Policy guidelines on protection of children from violence
in 2009, the Council of Europe developed policy guidelines on integrated national strategies for the protection of children from violence. You can find them here.
Guidance on prevention and response to unaccompanied children going missing
The SUMMIT-project handbook (2016) describes how to prevent and respond to unaccompanied children going missing. It also provides practical templates and checklists. It is available here.
Germany: permission form before travelling
JSN, the organisation providing guardianship for unaccompanied children in the German region of Süd-Niedersachsen (Southern Lower Saxony), has created a tool to ensure the child’s safety and protect them from trafficking when they want to travel.
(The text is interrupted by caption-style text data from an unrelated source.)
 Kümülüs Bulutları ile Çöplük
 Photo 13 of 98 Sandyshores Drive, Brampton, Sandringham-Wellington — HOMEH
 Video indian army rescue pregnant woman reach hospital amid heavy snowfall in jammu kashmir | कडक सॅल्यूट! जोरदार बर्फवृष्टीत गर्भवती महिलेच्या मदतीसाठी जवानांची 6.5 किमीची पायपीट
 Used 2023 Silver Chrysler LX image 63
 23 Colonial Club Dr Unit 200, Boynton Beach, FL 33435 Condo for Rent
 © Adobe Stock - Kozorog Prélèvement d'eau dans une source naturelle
A guardian or social worker fills in a form together with the child, noting name, address and phone number of the person they want to visit, before giving permission to travel. The guardian or social worker has to contact that person and check the address. Youth welfare organisations from different municipalities cooperate in this procedure to avoid human trafficking. You can find the form here.
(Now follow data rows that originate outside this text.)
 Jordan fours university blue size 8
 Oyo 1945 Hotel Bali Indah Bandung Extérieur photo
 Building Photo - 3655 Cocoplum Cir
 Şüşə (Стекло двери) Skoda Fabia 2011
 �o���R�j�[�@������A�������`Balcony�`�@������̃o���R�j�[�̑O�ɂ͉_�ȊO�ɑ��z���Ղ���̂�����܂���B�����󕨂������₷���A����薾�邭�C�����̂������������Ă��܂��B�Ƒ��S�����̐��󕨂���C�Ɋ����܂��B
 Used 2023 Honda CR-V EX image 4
The Scottish Guardianship Service is a project run by Scottish Refugee Council in partnership with Aberlour Childcare Trust, both experts in their fields. The service offers face-to-face support and outreach support for all separated children in Scotland who have made themselves known to the authorities. It also supports local authorities and external agencies, providing information, advice and guidance about children in the asylum and immigration processes. The overall aim of the service is to improve the separated child’s experience and understanding of the immigration and welfare processes, and to ensure they receive services appropriate to their needs and entitlements. The Guardianship Service has developed a practice manual that also contains a useful grid for mapping out key domains in a child’s life that can have an impact on their resilience. This tool can help to identify strengths and build up the weaker areas in a child’s life. You can find the grid on page 19 of the Practice Manual.